In my newfound condition as a part-time bureaucrat, I have dropped the ball on some of my academic projects. I’ve carved out a little bit of time in between grant applications, emails, and paperwork to write about a topic that I find critical for understanding the politics of knowledge today: the emergence of the influencer intellectual.  
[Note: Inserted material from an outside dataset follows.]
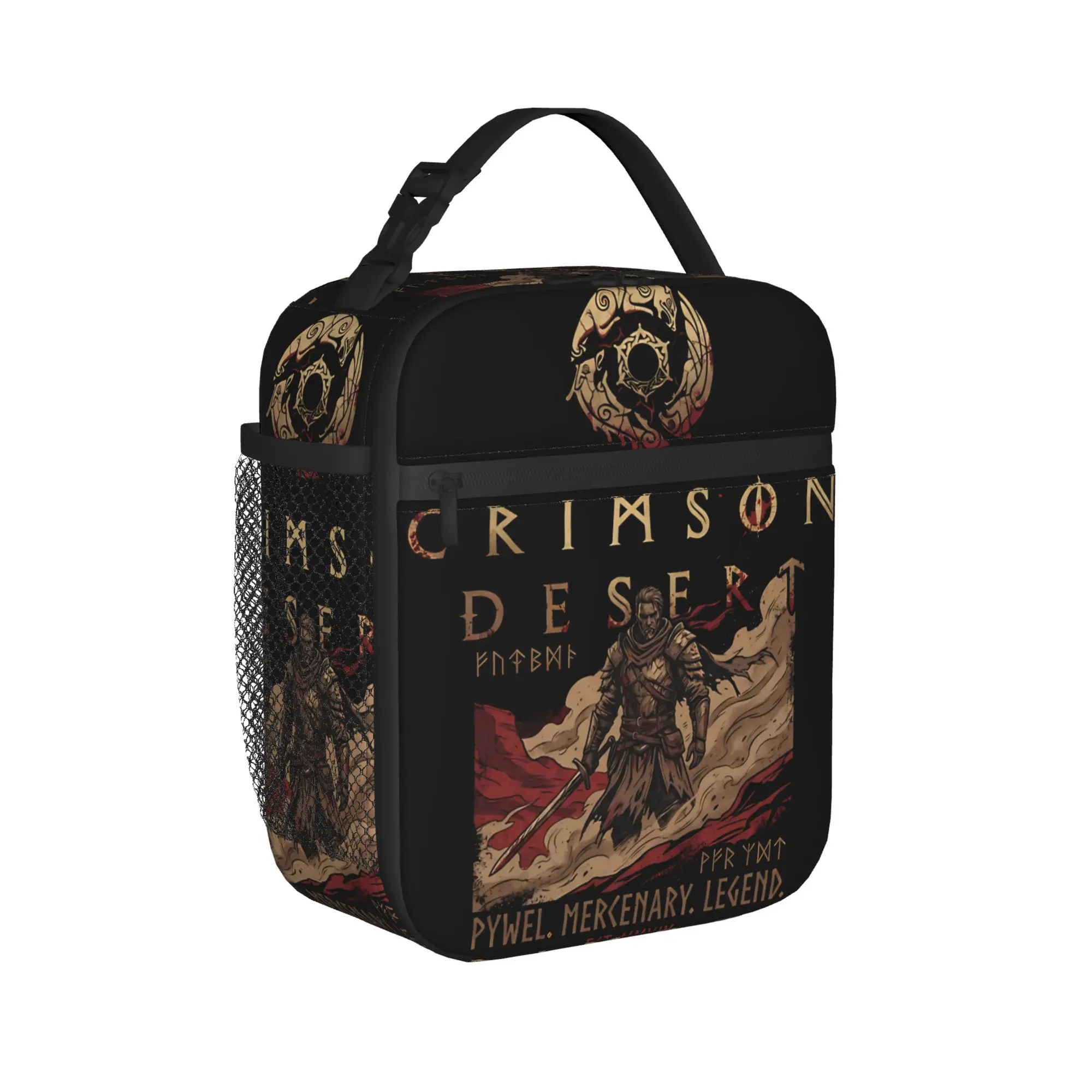 Insulated Lunch Tote Bag Pearl abyss crimson desert  Product  Lunch Container Causal Thermal Cooler Bento Box For School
Let’s start with some definitions. What, precisely, is an influencer intellectual? The best way to understand this new social formation is by ostension: Emily Oster is an influencer intellectual; so is Matthew Yglesias; so is Leanna Wen; so is Vinayak Prasad; so is Josh Barro. These and other similarly prominent individuals share a structural position. They all sound like experts. They all write like experts. They are all treated as experts, at least by some recognizably authoritative institutions (I’m looking at you, New York Times!). But they all lack expertise, at least in the topics in which they publicly present themselves as reputable, authoritative, knowledgable experts. To extend a metaphor from the sociology of scientific knowledge, they are trough feeders, living away from the generation of knowledge but close enough to it that they speak with certainty about their sometimes ludicrous claims (here, I am referring to MacKenzie’s foundational model of uncertainty and knowledge, as presented in his classic 1990 paper).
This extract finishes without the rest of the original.